Jonas looked up at Max and smiled. “I found you, Max.”

“Don’t talk.” Max walked into the shower with it on and took off Jonas’s clothes and shoes. Then he turned it off and took Jonas’s hand and led him out where the bodyguard handed Max a robe for Jonas.

“Call my doctor and tell him I need his help with my brother,” Max said, looking at Dominic, who appeared to be the same height as Max. “I need to change before the doctor comes.” Max walked to his room, took a deep breath, and took off his wet suit and changed into a new set of clothes. When he was dressed and ready, the doorman was announcing that the doctor was on his way up. Max stood waiting. He opened the door, and the doctor had a nurse with him.
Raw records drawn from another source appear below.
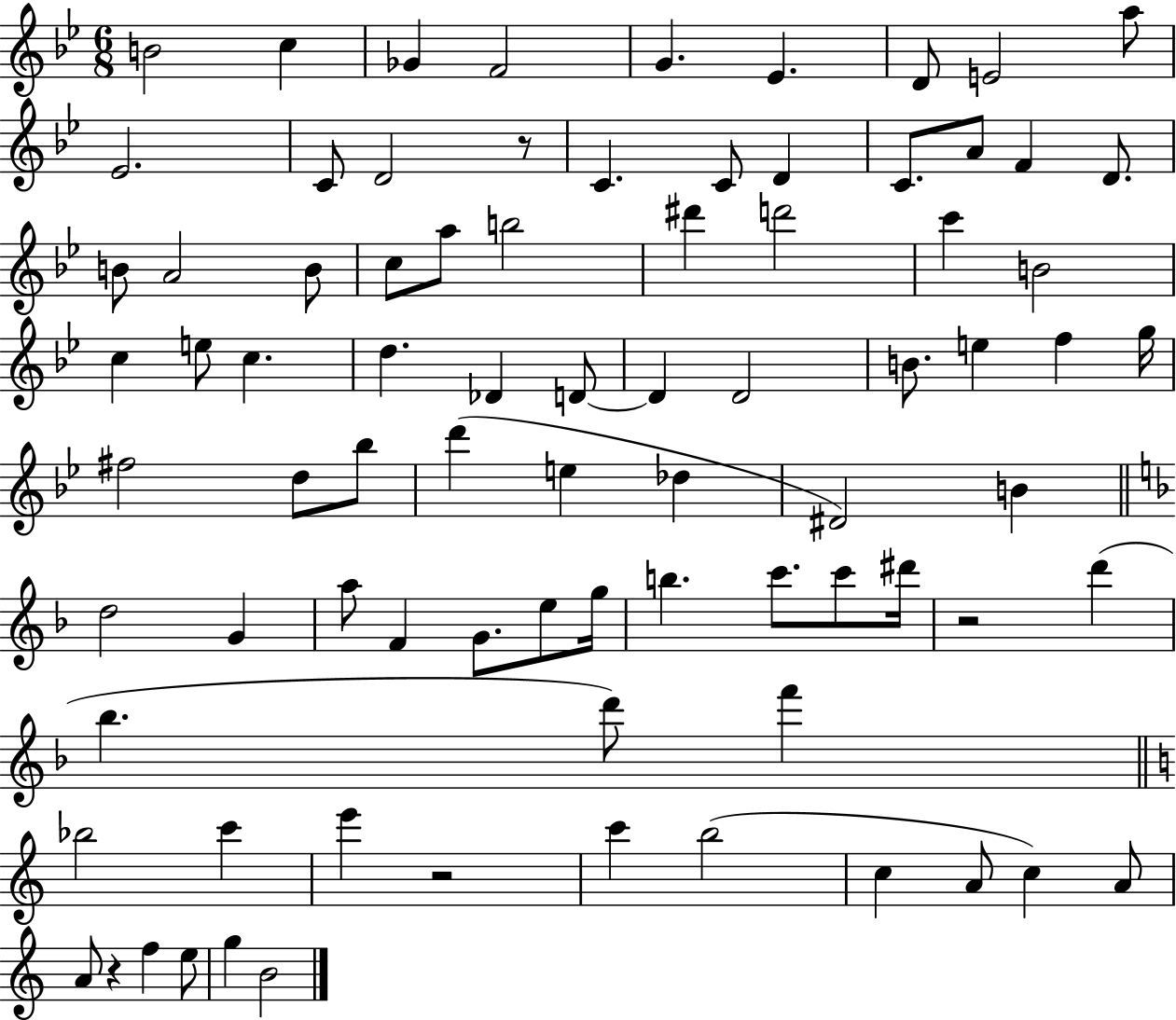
X:1
T:Untitled
M:6/8
L:1/4
K:Bb
B2 c _G F2 G _E D/2 E2 a/2 _E2 C/2 D2 z/2 C C/2 D C/2 A/2 F D/2 B/2 A2 B/2 c/2 a/2 b2 ^d' d'2 c' B2 c e/2 c d _D D/2 D D2 B/2 e f g/4 ^f2 d/2 _b/2 d' e _d ^D2 B d2 G a/2 F G/2 e/2 g/4 b c'/2 c'/2 ^d'/4 z2 d' _b d'/2 f' _b2 c' e' z2 c' b2 c A/2 c A/2 A/2 z f e/2 g B2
Max nodded at the doctor, and waved to the bodyguard, who had discarded his black suit coat to follow. He turned to the doctor, “I’m leaving my brother in your hands.”

“Don’t worry, Mr. Blackstone. We will take care of him.”

“I’m expecting a call from my wife. Please, answer the phone and tell her about Jonas.”

Max looked over at the nurse and she looked up at him. The doctor didn’t introduce her, and Max didn’t inquire. He had more important things to do.

Max left immediately to see the detective, in hopes that he wouldn’t need him.